--- THE INPUT ---

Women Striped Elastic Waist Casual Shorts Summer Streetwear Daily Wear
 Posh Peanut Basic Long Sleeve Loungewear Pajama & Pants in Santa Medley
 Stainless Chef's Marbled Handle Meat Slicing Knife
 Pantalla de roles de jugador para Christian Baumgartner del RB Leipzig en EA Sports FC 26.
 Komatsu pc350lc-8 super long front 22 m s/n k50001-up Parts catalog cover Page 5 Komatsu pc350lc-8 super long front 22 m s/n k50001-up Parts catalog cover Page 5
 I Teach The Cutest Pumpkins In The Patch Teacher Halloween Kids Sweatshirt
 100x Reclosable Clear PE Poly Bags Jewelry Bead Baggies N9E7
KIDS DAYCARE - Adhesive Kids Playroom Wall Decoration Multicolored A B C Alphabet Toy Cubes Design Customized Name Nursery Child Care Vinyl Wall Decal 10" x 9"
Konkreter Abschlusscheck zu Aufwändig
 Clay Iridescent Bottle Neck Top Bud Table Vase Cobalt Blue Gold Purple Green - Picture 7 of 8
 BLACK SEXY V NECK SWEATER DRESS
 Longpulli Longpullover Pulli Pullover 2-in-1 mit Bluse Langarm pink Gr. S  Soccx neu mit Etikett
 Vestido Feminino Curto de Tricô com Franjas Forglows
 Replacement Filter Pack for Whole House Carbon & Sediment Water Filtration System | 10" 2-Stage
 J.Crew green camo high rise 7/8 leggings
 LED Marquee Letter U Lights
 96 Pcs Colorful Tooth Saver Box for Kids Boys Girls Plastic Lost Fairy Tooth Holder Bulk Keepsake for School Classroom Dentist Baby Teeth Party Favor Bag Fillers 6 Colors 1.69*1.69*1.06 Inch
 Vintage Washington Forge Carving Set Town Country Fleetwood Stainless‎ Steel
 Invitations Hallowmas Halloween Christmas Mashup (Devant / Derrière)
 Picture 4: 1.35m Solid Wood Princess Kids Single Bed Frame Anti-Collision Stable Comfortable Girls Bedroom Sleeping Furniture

---

* _EXERCISE BRIEF_: Show me all lines in the records that contain "Kids".

* _PROBLEM SOLUTION_:
 I Teach The Cutest Pumpkins In The Patch Teacher Halloween Kids Sweatshirt
KIDS DAYCARE - Adhesive Kids Playroom Wall Decoration Multicolored A B C Alphabet Toy Cubes Design Customized Name Nursery Child Care Vinyl Wall Decal 10" x 9"
 96 Pcs Colorful Tooth Saver Box for Kids Boys Girls Plastic Lost Fairy Tooth Holder Bulk Keepsake for School Classroom Dentist Baby Teeth Party Favor Bag Fillers 6 Colors 1.69*1.69*1.06 Inch
 Picture 4: 1.35m Solid Wood Princess Kids Single Bed Frame Anti-Collision Stable Comfortable Girls Bedroom Sleeping Furniture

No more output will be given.